What up everybody. Starting tomorrow I plan to start a pretty busy workout schedule, the plan is to always be doing some kind of workout every day of the year. Making a journal for motivation and cause I just lost one of my records for work outs, which sucks. Now they'll be online to look back on.
GOALS:
200lb bodyweight, lean
Great cardio
450lb raw squat by christmas 09
Bodyweight military press x5
Improve explosive power
STATS NOW
186lb as of Monday
Okay cardio, 1.3 miles at a good pace leaves me pretty winded
370lb raw one rep squat, slipped down a bit since June began lol
That's an estimate though, I'll test it tomorrow.
140x6 Military press, I suck at these
Not happy with my discpline when it comes to working out right now, I make progress and then I get lazy and lose strength
Routine:
Sun: General Physical Preparedness
Mon: Pull Day
Tues: Bench w/morning workout +MMA
Wed: OH Presses and upperbody pulls, light/explosive squats
Thurs: Explosiveness+GPP+MMA
Fri: Squats
Sat: Stretching, cardio +sparring on some Saturdays
Also, EVERY morning except days I do GPP, I will be getting up early to do a 'morning workout' which will change weekly. It will have stretches, bodyweight exercises, calisthenics, and a morning run. It will always be under 40 minutes long.
GPP will include tire flips, sled pulls/pushes, rock tossing, sprints, farmer walks, and other things I haven't thought up yet. I don't have the farmer walkers yet or the prowler, but I'll have them sometime this month
Like I said, it's gonna be busy. I want to just be an awesome athlete, I'll be learning MMA and will start competing next year. Also wrestling for senior year this winter. NO smoking weed, I want my cardio to be top notch so I'm giving it up after today. I'll post videos and pictures regularly, either I need to buy a camera or trade my bong for one my friend stole from someone's house. It's like 12.1 megapixels or something, really nice looking.
Supplements are just a multi and fish oils, and whey. Lots of fruits, I'm going to start eating a lot of vegetables, replace lettuce with spinach, lots of meat, eggs, milk, and wholegrains. I want to be 200lb, but I don't care how long it takes so I'm not bulking, just eating enough so I can keep seeing progress in all areas.
Last edited by brah_of_iron; 07-02-2009 at 09:51 PM.
Had a busy weekend, so this is my first day on the new routine.

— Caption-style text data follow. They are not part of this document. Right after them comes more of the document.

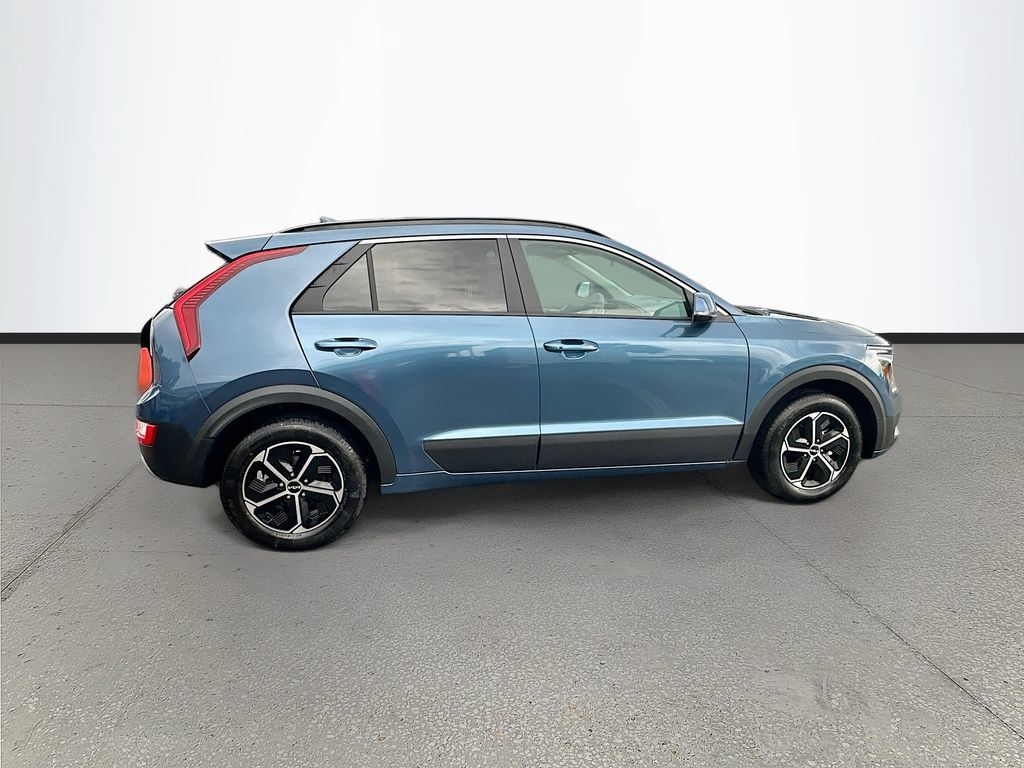 Used 2026 Kia Niro EX FWD image 8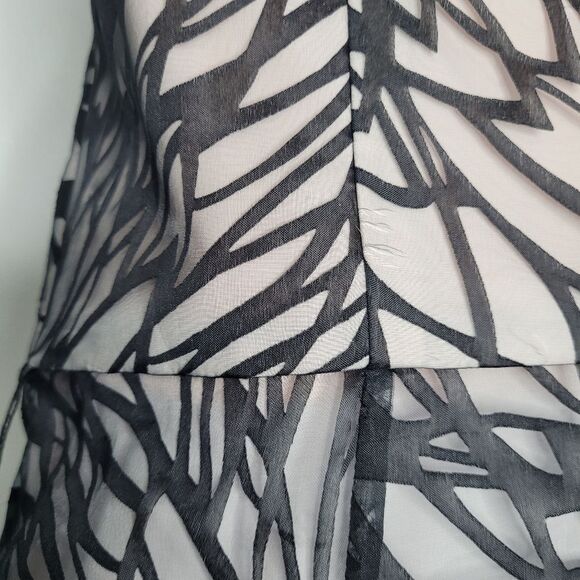 White House Black Market abstract flower outlined print structured bodice 10 - Picture 8 of 10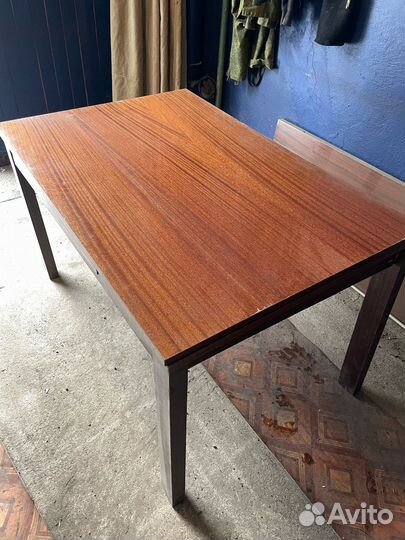 Столик в гостинную бу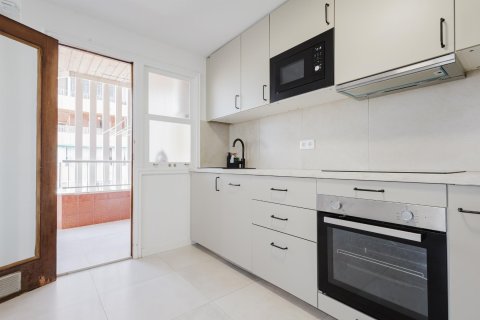 Apartamento en venta Torrevieja, Alicante, España 3 dormitorios, 110 m2 No. 139325 - foto 11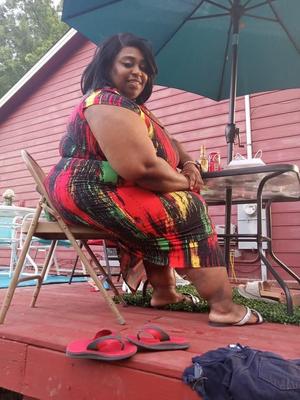 Красивая черная мамаша SSBBW
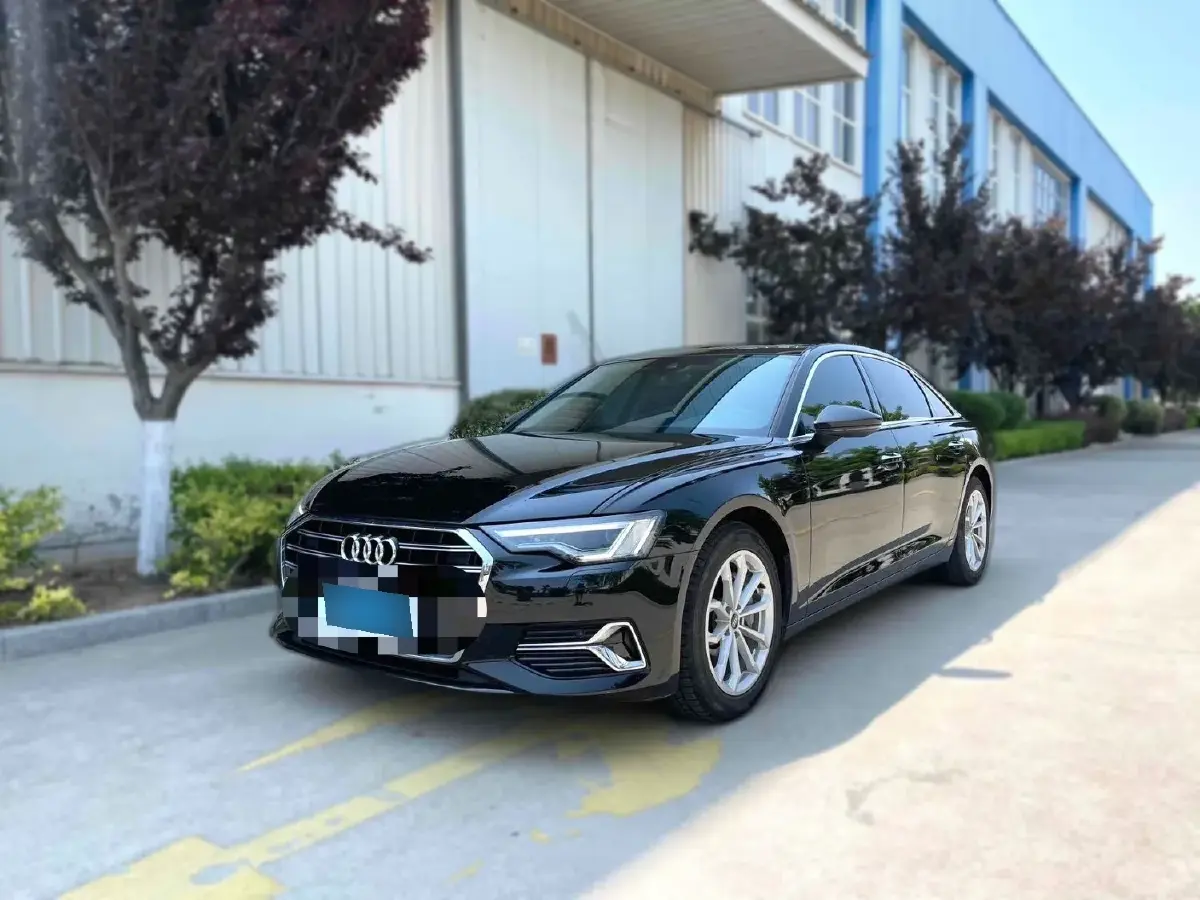 2023 Audi A6L 2.0T 190HP L4 7DCT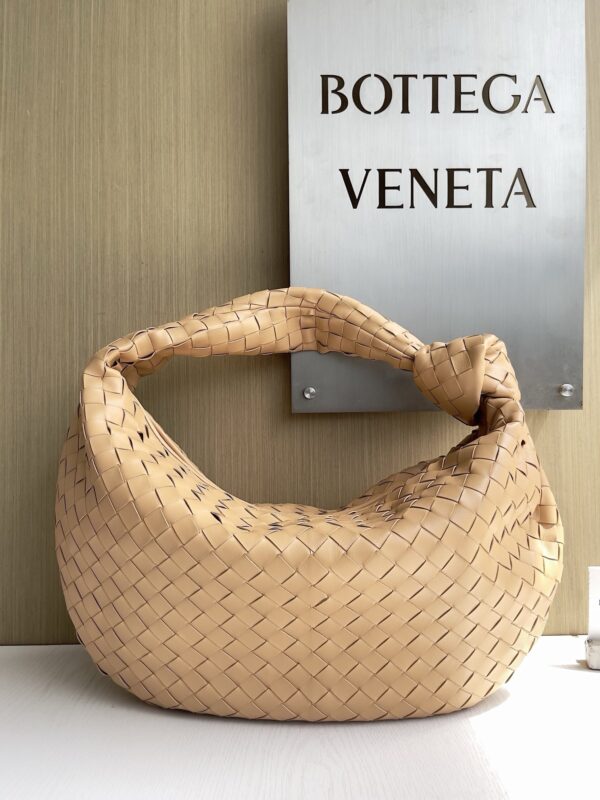 Bottega Veneta bag authentic quality 2025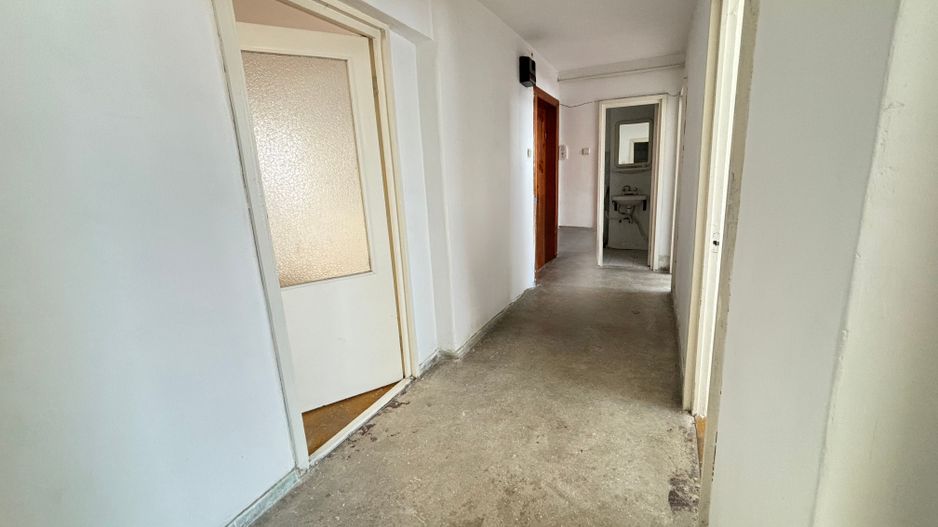 Apartament 3 camere decomandat 67,8 m² zona garii - Poză 9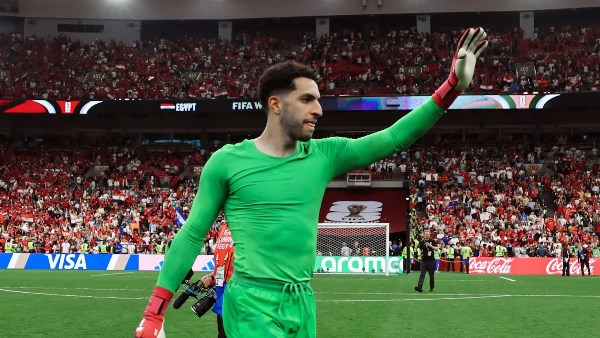 مصطفى شوبير: أول مكالمة بعد المباراة كانت لوالدتي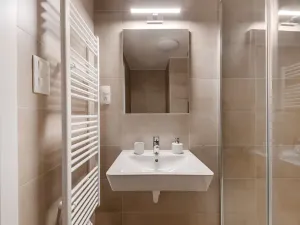 Pronájem bytu 2+kk, Praha - Vysočany, Hindlova, 53 m2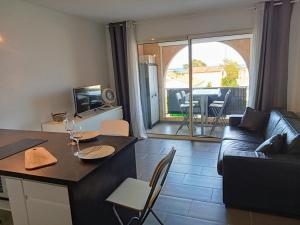 studio à 100m de la plage et de la piscine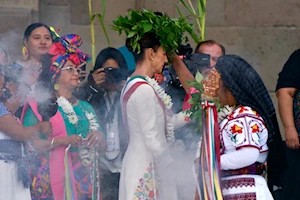 Ceremonia histórica en el Zócalo de México: Claudia Sheinbaum recibió el bastón de mando de pueblos originarios y afromexicanos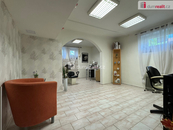 Prodej, Prostory a objekty pro obchod a služby, Ostrov, cena 930000 CZK / objekt, nabízí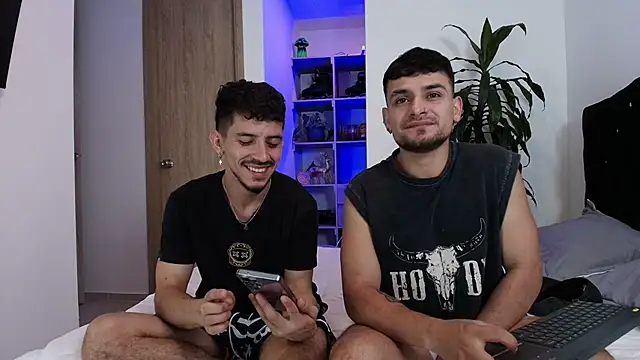 Aron-santoro online show from March 16, 11:07 pm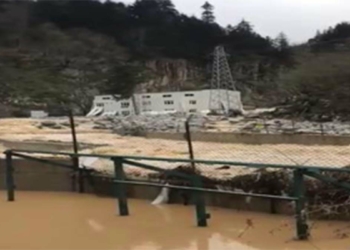 Dereli’de taşkın; kara yolu çöktü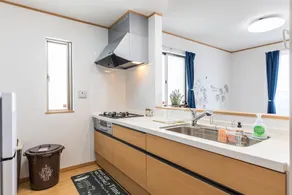 Jade Tree House - Image 4
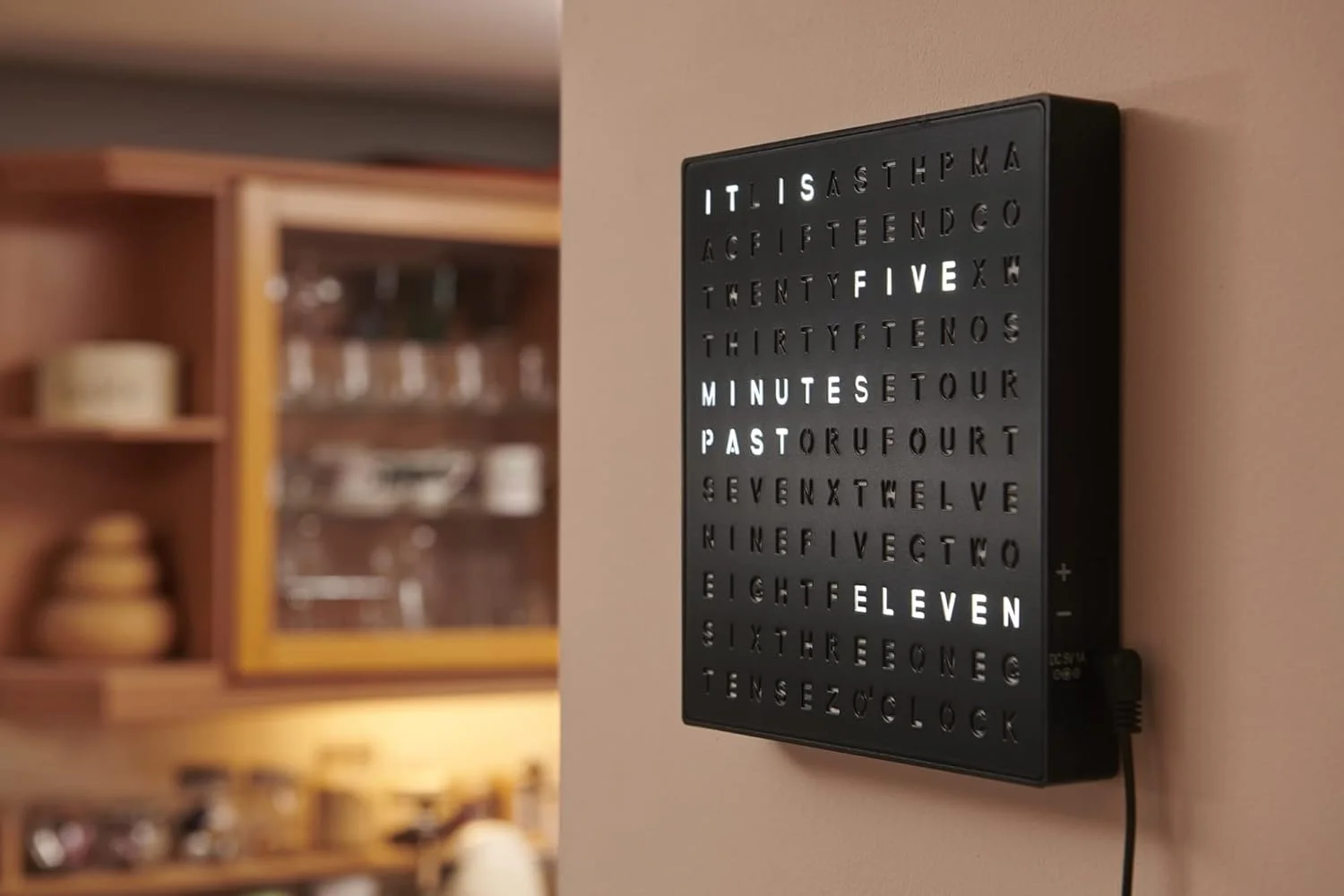 ساعت رومیزی یا دیواری LED مدل Auraglow - مشکی ساعت رومیزی یا دیواری LED مدل Auraglow - مشکی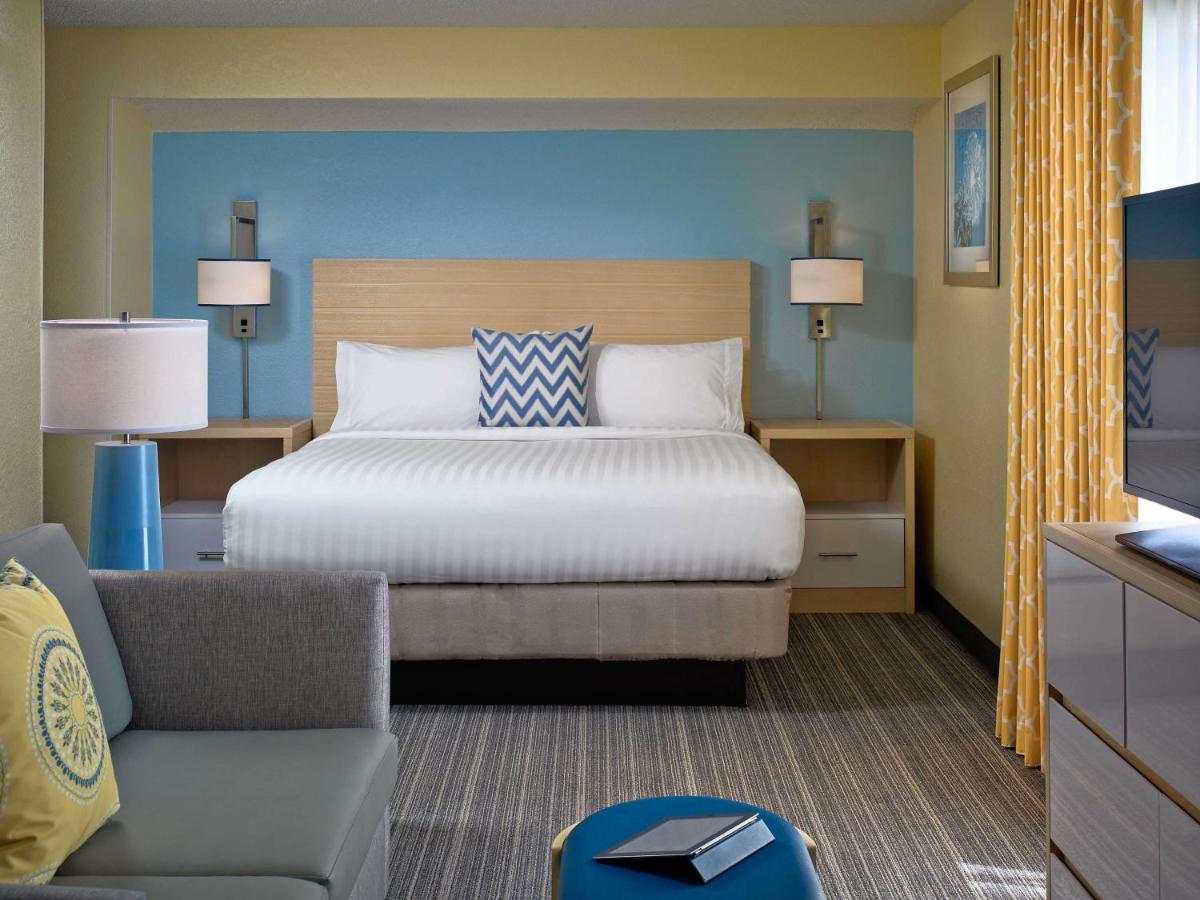 Sonesta ES Suites Colorado Springs - a colorful, cool and trendy residence style1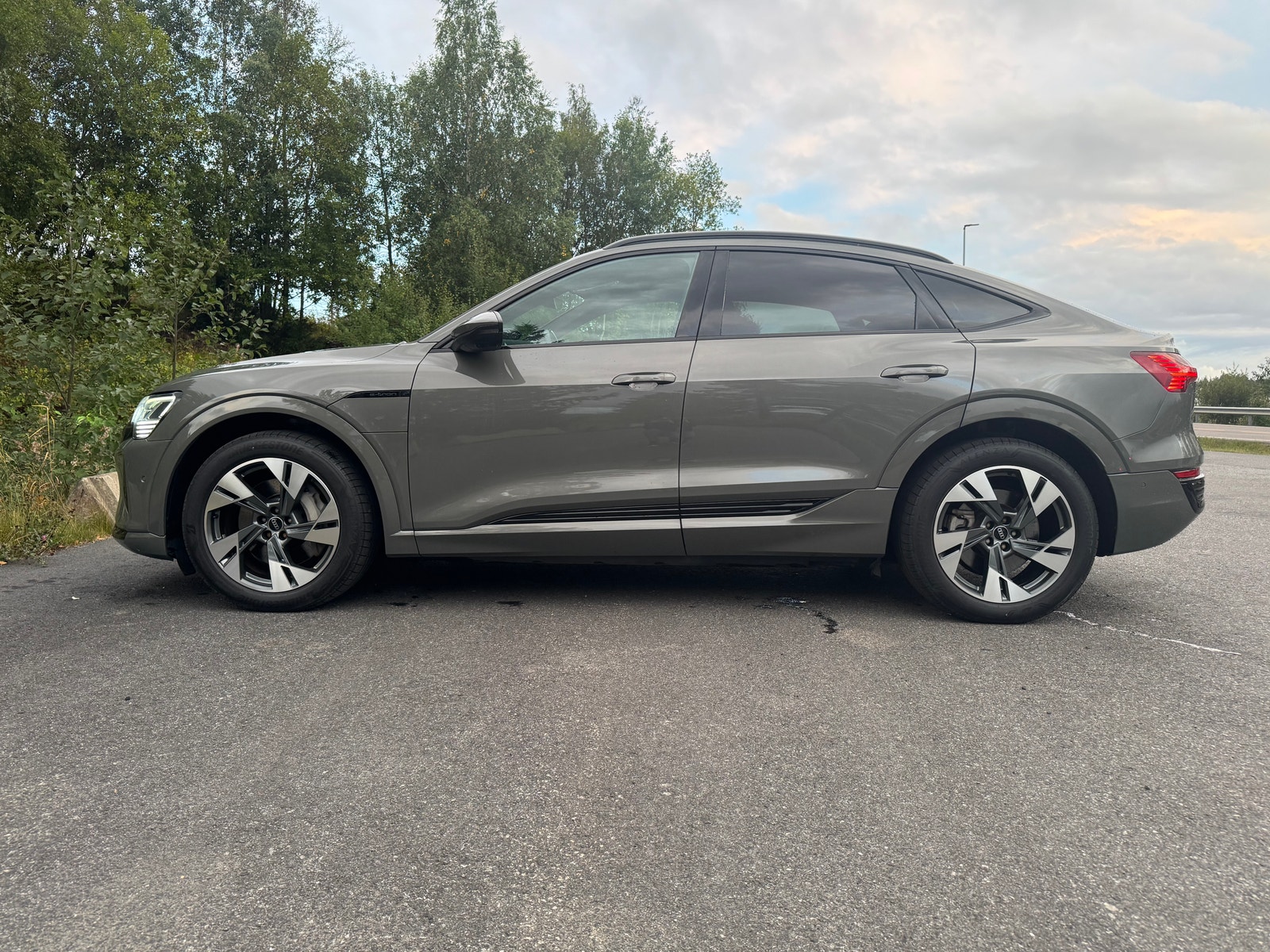 Audi Q8 Sportback 55 e-tron quattro, 408hp, 2024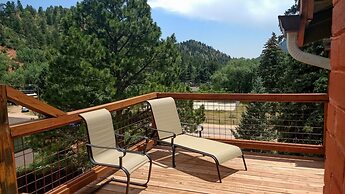 The Green Mountain Falls Lodge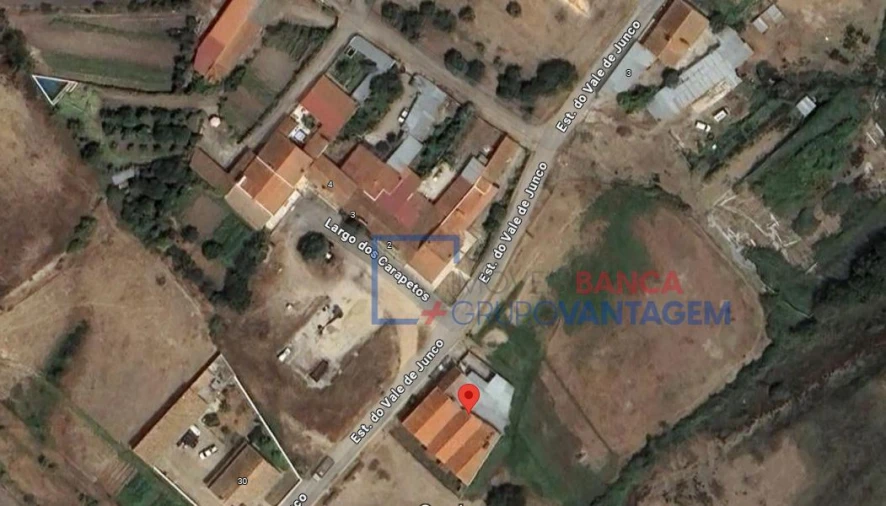 Armazém para Venda em Comenda Foto 8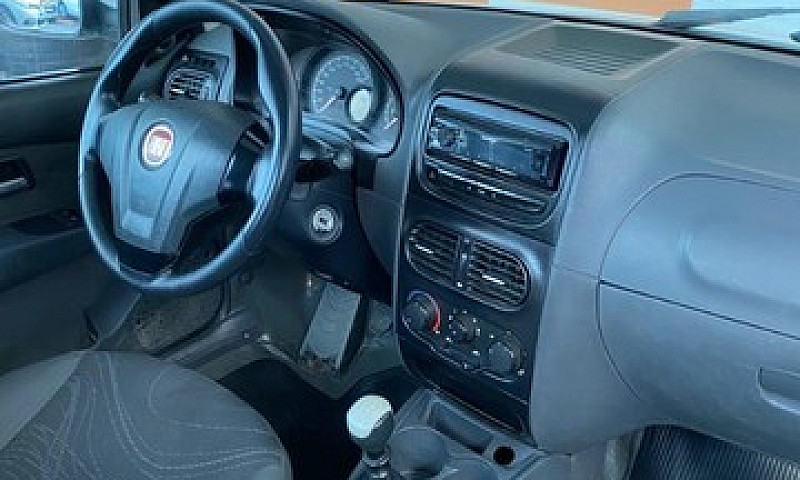 Fiat Strada Working ...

I weigh myself every Monday morning before I eat anything, weight today: 184.5lb down 1.5lb since last week
It's crazy just how bad my cardio has become since football ended. Kept the morning workout the same as last week since I didn't actually do it last week,
(before this I woke up and had whey with water and a banana)
Jumping Jacks left me winded, dropped down right away to start burpees, couldn't complete all 25 in one go, stopped at like 11 or something, then again at 18 lol. Even the squat jumps and snatches were hard. It was my first time ever doing hanging crunches, half my energy was spent shifting around cause I was worried the thing would tip over. But they were pretty fun.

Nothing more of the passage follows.